SEPTEMBER 6, 2021
Time’s Up came to an abrupt end this holiday weekend. The group may still have money in the bank. There are still useful programs in place to help survivors of sexual harassment and assault in the workplace.
But with the resignation of virtually the entire Time’s Up board of directors — including showrunner Shonda Rimes, producer Katie McGrath, lawyer Nina Shaw, actress Eva Longoria and political mover-and-shaker Hilary Rosen — the idea that a group of powerful Hollywood women, united in their purpose to protect women from all walks of life from a pervasive culture of sexual predation, has died.

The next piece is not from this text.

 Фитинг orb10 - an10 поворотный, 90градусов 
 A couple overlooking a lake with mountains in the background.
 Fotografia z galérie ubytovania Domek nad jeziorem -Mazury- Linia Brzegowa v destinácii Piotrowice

As yet another nail in the coffin, on Sunday Shaw dissolved the group’s Global Leadership Board, sending members an email that read: “There is no need for your individual resignations, as the group no longer exists. We will also be removing the Global Leadership group from the Time’s Up Website, but wanted you to receive this email before doing so.”
Poof. That’s gone. I wouldn’t buy the hype that Time’s Up is simply morphing into a new stage, with transitional leadership. Everything that made Time’s Up what it was — a unique power play by women, for once, on behalf of less powerful women — has quietly been dissolved.
I confess that this outcome is heartbreaking, though not shocking. Time’s Up has struggled in many ways since its creation in January 2018 amid the rise of the #MeToo movement. But in the wake of last month’s resignation of CEO Tina Tchen, the group’s dissolution also seemed somewhat inevitable.
Tchen was a highly respected progressive activist and a veteran of the Obama administration who was tripped up by her involvement with disgraced New York Governor Andrew Cuomo. (Back story here.) Her resignation was the second in a matter of weeks, after lawyer and Time’s Up board co-chair Roberta Kaplan departed over a similar conflict, and two years after yet another CEO got tripped up over an accusation of sexual misconduct against her son. (That back story here and here.)
The feeling among some board members was that if Tchen could not keep the organization from tipping into controversy, could anyone?
Many of the volunteer activists on the Time’s Up board concluded that there was no path forward, according to two individuals with knowledge of its conversations. And honestly — who could blame them? Rhimes has a pretty busy day job writing hit TV shows like “Bridgerton” that deeply impact the culture. Shaw represents an enviable gallery of talent (Ava DuVernay, Jamie Foxx, Ta-Nehisi Coates). Eva Longoria is pursuing her new path as a director.
At a certain point, the public relations damage to their own brands was not worth it. My social media feed is full of gloating comments from men on the right about these women being “hoisted on their own petard.” Expect more of that.
Insiders also revealed an internal split within Time’s Up, as the leadership debated what the hell to do in the past week — whether the group should be focused on changing policy across the country, or on helping survivors.
The two goals are not mutually exclusive, but the board was frustrated at the constant criticism from survivors for not doing enough. This was reinforced by the organization’s young staff, who expressed their feelings that survivors should come first in every case, one insider told me. “It’s a ‘theory of change’ question. Those who believed we were working on policy — NDAs, statutes of limitations — bumped up against those who said, ‘Don’t focus on power but give support to survivors,” this insider said.
The board was firmly in the former camp. “We needed access to power to change the structures of our society: to change policy, laws and culture,” the insider said.
But getting access to power gets messy, doesn’t it? The Cuomo imbroglio is a prime example. Tchen and Kaplan appeared complicit in defending him from accusations of sexual assault. But were they? Cuomo may have manipulated Tchen by putting her in an untenable position, working on legislation to support survivors of assault while asking for her advice as he battled his own accusations.
Here too the organization struggled with its mission. Time’s Up sought to take on paid work advising companies on how to create cutting-edge sexual harassment policies. But doing so also ran the risk of being paid by a company that could face its own accusations. And then what? The younger staff members firmly opposed Time’s Up getting its hands dirty.
“It wasn’t we flew too close to the sun. It’s that you can’t get near these people without being tainted by them,” the insider said. “The staff believed this was the wrong way to go.”
The combination of those pressures appear to have been too much for this young nonprofit to bear. Instead, the answer seemed to be no answer at all, along with a unanimous decision to resign, turn the page and move on with life. This outcome is vastly disappointing to the women who had such high hopes about driving change. And it raises a host of questions about top-down activism going forward.
Amid all the talk about a new phase of Time’s Up, I asked one of the board members who resigned if she agreed that practically speaking this was the end.
She said: “This is the end of the first chapter.”
We shall see. Meantime, I’m calling it RIP.